Supertagging-based Parsing with Linear Context-free Rewriting Systems
This work addresses the challenge of efficient and accurate discontinuous parsing for natural language processing, particularly for languages like English and German, representing an incremental improvement over existing methods.
The authors tackled the problem of parsing with Linear Context-free Rewriting Systems (LCFRS) by developing the first supertagging-based parser, which significantly outperforms previous LCFRS parsers in accuracy and speed, achieving excellent scores for discontinuous constituents that compete with the best general discontinuous parsers.

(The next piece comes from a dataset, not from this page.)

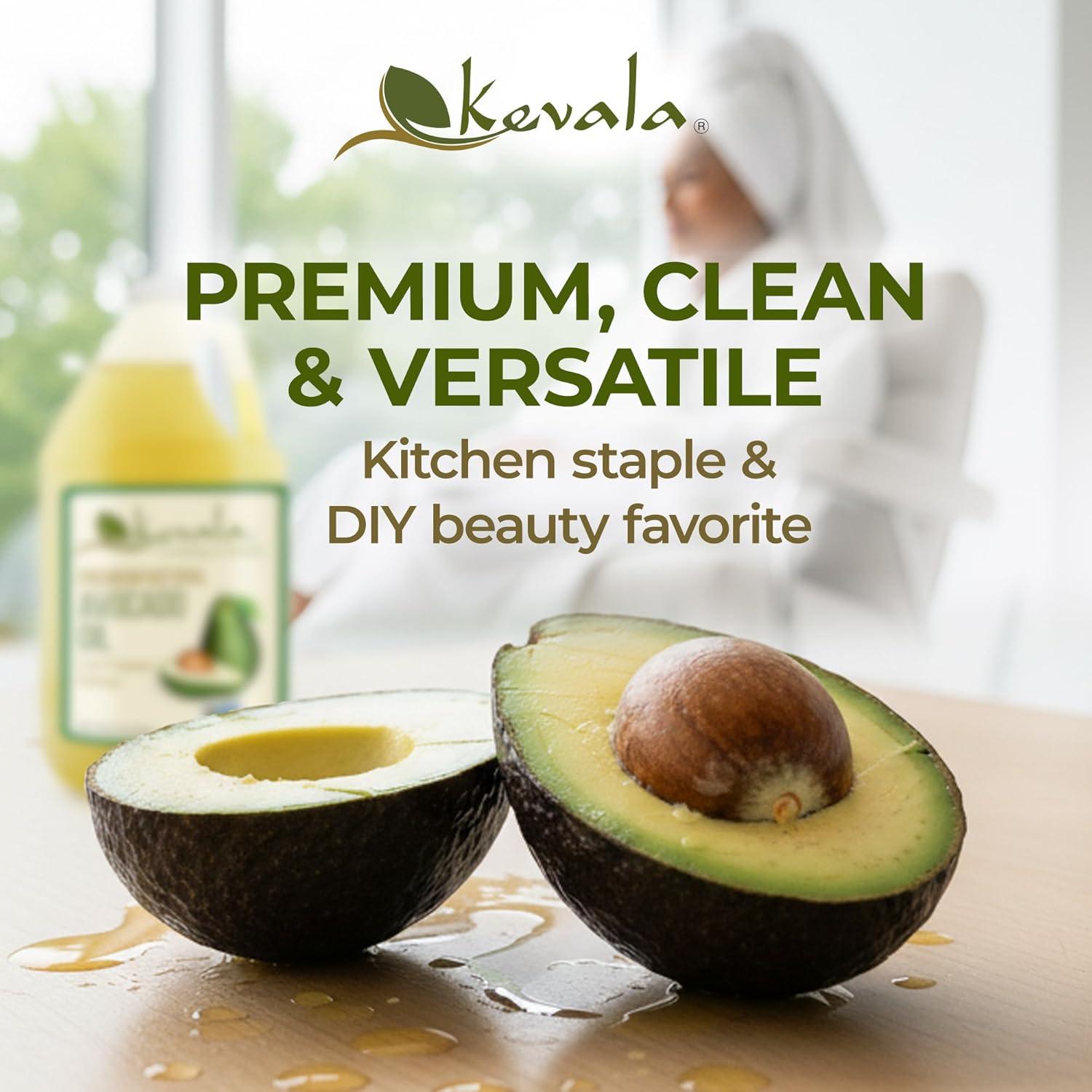 image:imageKevala Avocado Oil Cold Pressed NonGMO Project Verified amp Kosher Multipurpose for High Smoke Point Cooking Roasting Sauting amp Skin Moisturizing Ideal Kitchen Staple 8 Fl Oz Pack of 1128 fl oz Pack of 1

We present the first supertagging-based parser for LCFRS. It utilizes neural classifiers and tremendously outperforms previous LCFRS-based parsers in both accuracy and parsing speed. Moreover, our results keep up with the best (general) discontinuous parsers, particularly the scores for discontinuous constitutents are excellent. The heart of our approach is an efficient lexicalization procedure which induces a lexical LCFRS from any discontinuous treebank. It is an adaptation of previous work by Mörbitz and Ruprecht (2020). We also describe a modification to usual chart-based LCFRS parsing that accounts for supertagging and introduce a procedure for the transformation of lexical LCFRS derivations into equivalent parse trees of the original treebank. Our approach is implemented and evaluated on the English Discontinuous Penn Treebank and the German corpora NeGra and Tiger.